Hintergrund der neuen Demos: Erdogan ist knietief in einen gigantischen Korruptionsskandal verstrickt (ÖSTERREICH berichtete ). Es geht um Schmiergelder, il­legalen Ölimport aus dem Iran und Goldgeschäfte der Staatsbank mit Teheran.

Selbst Erdogans Sohn Bilal sowie drei Ministersöhne sind Ziele der Ermittler. Sie sollen Bauaufträge vermittelt haben. Erdogan konterte auf seine Art: Er ließ den zuständigen Staatsanwalt abziehen. Das nützte nichts. Die Lage eskalierte, die Börsen stürzten ab, die türkische Lira ist auf Rekordtief.

Extremer Machtkampf zweier Ex-Freunde
Losgetreten hat den Megaskandal Fethullah Gülen, ein Islam-Prediger, der in den USA lebt. Gülen und Erdogan waren früher Verbündete: „Zuletzt wurde Gülen Erdogan aber zu mächtig“, sagt Ertugrul Özkök, der bekannteste Journalist der Türkei.

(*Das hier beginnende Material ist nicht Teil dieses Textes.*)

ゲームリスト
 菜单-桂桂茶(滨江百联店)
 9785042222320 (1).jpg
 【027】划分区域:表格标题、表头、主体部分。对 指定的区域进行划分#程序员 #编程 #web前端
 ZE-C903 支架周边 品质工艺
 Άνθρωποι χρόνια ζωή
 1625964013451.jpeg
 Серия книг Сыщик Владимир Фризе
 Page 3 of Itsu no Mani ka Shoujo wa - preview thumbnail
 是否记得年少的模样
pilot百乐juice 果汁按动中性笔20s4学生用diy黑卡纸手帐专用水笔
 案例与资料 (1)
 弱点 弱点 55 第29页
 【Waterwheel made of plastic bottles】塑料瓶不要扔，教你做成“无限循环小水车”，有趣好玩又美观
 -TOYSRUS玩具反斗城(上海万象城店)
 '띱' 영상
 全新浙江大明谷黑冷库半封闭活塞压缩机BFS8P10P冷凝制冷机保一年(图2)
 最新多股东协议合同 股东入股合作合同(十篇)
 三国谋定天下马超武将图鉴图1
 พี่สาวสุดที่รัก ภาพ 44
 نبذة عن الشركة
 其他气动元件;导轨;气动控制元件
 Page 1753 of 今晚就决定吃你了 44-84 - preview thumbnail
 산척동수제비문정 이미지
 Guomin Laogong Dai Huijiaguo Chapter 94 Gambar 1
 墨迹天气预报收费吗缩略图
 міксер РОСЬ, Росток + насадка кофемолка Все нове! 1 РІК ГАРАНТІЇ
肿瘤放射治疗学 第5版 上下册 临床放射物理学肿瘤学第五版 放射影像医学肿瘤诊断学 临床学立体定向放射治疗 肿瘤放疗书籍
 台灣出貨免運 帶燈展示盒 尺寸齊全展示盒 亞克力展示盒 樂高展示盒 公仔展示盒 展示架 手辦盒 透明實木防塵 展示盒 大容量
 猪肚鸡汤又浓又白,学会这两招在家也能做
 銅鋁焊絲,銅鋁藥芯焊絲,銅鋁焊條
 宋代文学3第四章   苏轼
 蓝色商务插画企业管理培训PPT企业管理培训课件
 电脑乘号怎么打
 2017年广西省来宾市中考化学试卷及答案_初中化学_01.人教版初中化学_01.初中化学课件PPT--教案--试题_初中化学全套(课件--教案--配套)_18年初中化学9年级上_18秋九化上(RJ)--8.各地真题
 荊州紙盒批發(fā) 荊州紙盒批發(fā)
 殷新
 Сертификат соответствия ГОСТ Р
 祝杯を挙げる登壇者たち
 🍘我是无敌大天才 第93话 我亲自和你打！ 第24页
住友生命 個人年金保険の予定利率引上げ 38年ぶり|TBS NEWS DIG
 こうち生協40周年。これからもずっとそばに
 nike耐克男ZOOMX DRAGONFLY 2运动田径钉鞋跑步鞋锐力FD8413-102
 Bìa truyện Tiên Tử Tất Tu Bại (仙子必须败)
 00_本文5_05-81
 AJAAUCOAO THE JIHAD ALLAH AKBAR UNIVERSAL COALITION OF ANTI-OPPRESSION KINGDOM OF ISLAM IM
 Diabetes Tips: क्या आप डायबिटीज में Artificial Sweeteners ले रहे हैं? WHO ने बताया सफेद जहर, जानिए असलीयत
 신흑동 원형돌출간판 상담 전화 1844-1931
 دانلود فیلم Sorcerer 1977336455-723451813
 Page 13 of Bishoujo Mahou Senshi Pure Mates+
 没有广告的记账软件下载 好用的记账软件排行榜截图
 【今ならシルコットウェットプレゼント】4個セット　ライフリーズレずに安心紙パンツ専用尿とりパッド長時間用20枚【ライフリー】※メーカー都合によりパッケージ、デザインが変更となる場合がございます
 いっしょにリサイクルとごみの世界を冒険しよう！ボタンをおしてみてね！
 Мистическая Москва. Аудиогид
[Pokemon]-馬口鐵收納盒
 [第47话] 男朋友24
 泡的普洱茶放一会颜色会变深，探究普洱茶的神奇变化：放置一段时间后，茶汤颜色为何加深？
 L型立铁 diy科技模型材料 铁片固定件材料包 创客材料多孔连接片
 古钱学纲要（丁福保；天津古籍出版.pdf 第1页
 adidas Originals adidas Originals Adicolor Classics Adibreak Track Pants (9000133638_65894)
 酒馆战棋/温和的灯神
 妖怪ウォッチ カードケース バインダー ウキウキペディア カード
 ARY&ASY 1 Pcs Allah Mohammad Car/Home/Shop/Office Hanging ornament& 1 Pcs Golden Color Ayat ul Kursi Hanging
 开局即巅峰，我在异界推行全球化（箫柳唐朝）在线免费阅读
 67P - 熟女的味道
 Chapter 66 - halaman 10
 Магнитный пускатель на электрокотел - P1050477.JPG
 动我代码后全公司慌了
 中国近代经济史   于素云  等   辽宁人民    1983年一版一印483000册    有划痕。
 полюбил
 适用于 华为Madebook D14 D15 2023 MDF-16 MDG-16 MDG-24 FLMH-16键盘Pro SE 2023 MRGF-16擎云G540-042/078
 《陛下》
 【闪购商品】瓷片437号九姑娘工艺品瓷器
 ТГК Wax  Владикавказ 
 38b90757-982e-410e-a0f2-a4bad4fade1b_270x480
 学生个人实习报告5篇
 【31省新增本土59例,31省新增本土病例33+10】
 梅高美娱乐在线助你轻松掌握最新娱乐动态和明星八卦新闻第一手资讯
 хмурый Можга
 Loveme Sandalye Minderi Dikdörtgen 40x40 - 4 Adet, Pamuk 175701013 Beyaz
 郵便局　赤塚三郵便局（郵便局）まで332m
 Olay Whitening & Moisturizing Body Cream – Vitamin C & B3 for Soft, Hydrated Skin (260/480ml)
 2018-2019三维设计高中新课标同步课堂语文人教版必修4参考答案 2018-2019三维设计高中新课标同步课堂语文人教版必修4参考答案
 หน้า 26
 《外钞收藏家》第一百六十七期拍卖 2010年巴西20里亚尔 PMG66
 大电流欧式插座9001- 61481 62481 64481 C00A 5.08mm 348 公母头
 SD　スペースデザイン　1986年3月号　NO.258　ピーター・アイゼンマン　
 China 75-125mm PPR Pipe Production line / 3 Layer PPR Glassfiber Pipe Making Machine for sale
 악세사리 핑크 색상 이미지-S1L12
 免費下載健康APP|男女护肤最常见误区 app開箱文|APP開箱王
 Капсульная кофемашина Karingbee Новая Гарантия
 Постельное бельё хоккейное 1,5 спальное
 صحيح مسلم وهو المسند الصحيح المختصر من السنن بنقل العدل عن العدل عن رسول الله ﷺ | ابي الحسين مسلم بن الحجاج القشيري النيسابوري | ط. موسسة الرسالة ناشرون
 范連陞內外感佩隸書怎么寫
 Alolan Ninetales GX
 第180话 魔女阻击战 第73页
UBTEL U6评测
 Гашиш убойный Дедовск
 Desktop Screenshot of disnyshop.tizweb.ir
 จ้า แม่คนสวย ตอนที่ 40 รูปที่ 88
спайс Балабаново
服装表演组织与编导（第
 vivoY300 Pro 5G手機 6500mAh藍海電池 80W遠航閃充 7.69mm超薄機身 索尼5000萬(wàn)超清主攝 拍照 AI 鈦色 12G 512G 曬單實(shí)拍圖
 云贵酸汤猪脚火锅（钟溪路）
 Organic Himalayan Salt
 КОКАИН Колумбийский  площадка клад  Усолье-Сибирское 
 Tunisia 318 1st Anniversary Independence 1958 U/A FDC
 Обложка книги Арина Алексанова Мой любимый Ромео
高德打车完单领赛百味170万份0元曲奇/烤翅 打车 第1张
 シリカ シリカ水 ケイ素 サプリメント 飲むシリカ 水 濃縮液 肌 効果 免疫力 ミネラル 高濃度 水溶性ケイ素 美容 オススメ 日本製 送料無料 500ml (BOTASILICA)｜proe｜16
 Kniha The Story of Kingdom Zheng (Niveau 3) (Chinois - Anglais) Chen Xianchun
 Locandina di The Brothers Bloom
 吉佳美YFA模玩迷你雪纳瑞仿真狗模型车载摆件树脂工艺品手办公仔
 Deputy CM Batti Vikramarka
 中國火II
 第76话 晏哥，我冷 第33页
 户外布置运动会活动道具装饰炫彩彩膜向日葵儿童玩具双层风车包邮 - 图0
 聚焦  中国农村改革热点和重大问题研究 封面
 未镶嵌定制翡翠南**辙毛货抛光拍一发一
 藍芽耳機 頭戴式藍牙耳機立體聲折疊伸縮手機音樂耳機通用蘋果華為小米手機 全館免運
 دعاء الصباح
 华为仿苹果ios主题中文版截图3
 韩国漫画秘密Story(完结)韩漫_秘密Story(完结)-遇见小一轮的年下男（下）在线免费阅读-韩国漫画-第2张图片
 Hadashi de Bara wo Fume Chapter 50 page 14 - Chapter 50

Er glaubt: „Es ist der verbissene Kampf zweier Männer um Macht, bei dem das Schicksal der Türkei auf dem Spiel steht.“
 

"Erdogans Lage ist katastrophal"

ÖSTERREICH: Wird Premier Erdogan den Machtkampf in der Türkei überstehen?
Ertugrul Özkök: Er steht unter enormem Druck, seine Lage ist katastrophal. Selbst sein Sohn Bilal ist vom Korruptionsskandal betroffen. Hintergrund sind ein gigantischer Korruptionsskandal und der Machtkampf zwischen ihm und Fethullah Gülen, einem einflussreichen Prediger.

ÖSTERREICH: Gülen und Erdogan waren früher enge Freunde …
Özkök: Ja, aber das ist vorbei. Gülen ist ein mächtiger und sehr reicher Mann geworden. Er baute weltweit eine sektenartige Bewegung auf. Erdogan wollte ihn in der Türkei beschneiden, bekämpfte die Gülen-Bewegung massiv. Jetzt schlägt Gülen zurück. Viele sind überzeugt, dass er den Korruptionsskandal ins Rollen gebracht hat.

ÖSTERREICH: Was soll damit erreicht werden?
Özkök: Gülen will den Rücktritt Erdogans und könnte damit Erfolg haben. Seit dem Sommer, als Erdogan die Demonstrationen am Taksim-Platz niederschlagen ließ, ist er angreifbar. Zuvor agierten er und seine Minister, als gehöre ihnen die ganze Türkei. Jetzt steht sogar seine Familie unter Korruptionsverdacht. Nun steht das Schicksal der Türkei auf dem Spiel.